なんか小腹が空いたので弟とスタバに行くことにした。
弟は結構健康に気をつけているようだ。
意識高いっぽいことを色々言っていた。
弟はチャイティーラテ。
私はバゲットサンドとアールグレイティーラテの茶葉追加。

実はこの20年くらいゆっくり二人で話したことがない私たち。
大きな出来事を端的な情報としては知っているけど、
お互い詳細な事情や当時の心境を知らない。
せっかくなのでゆっくり話をする。
結論は、我が家は特殊で変な家庭だったね。だ。
話せてよかった。

夕方、弟を駅まで送って行く。

家に着いて、思い出す。
「あ〜〜〜〜、割り箸渡し忘れた。」
次は木曜日まで行けないのに。
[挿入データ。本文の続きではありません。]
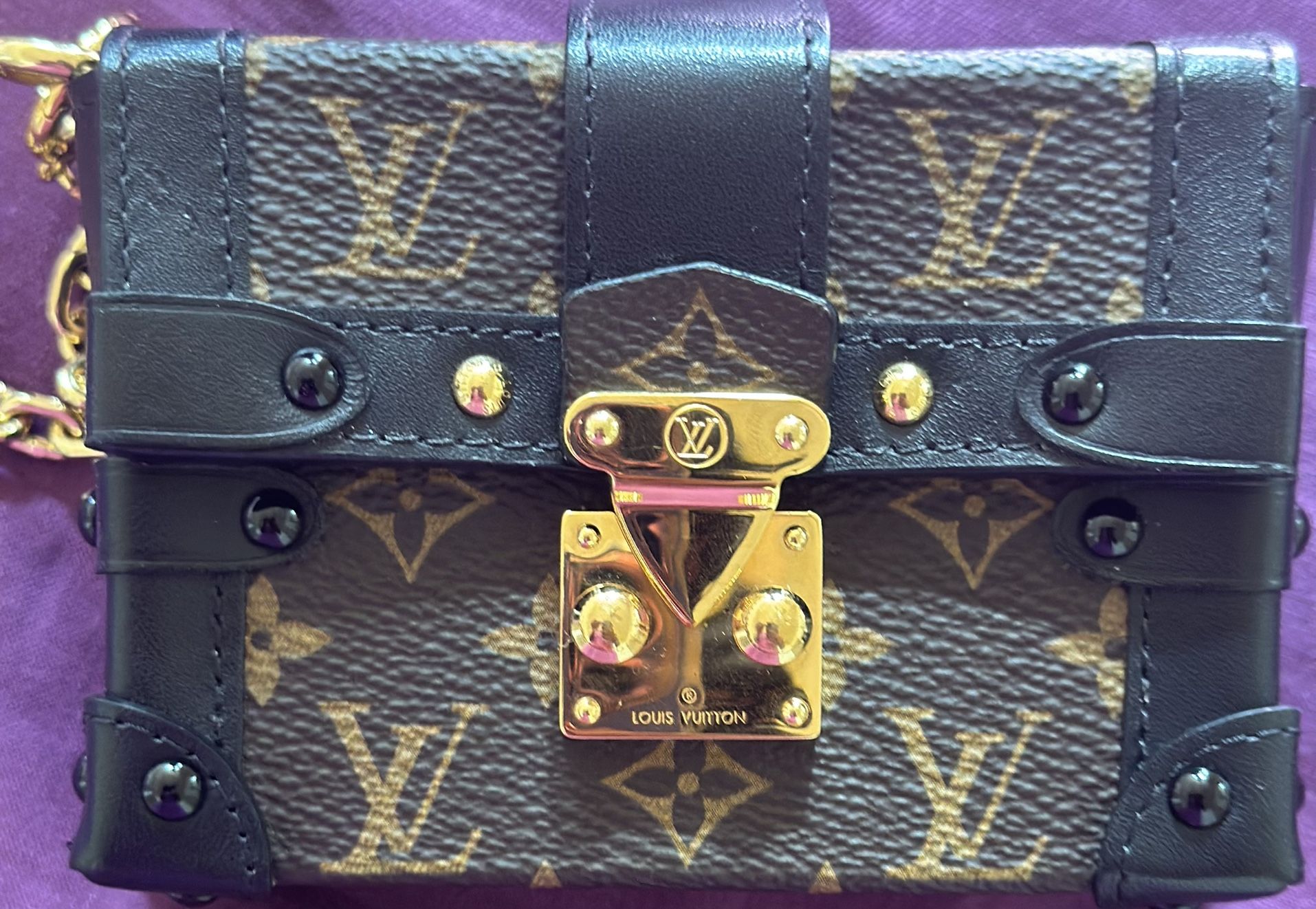 Louis Vuitton essential trunk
申し訳ないことをした。
でも使い捨てではないカトラリーも色々渡してあるので、なんとか凌いでもらう。

夫が帰宅。
夕飯は残り物色々。
久しぶりに二人でアニメを観る。
弟のお土産の高級柿の種をつまみにビールも飲む。
KAKITANE KITCHEN。うまい。
「アンダーニンジャ」一気観。すげ〜面白いってこともなかったけど
なんとなく続きが気になって観ささってしまう不思議な作品だった。
のんびりした気分で過ごせたのは久しぶりなような気がした。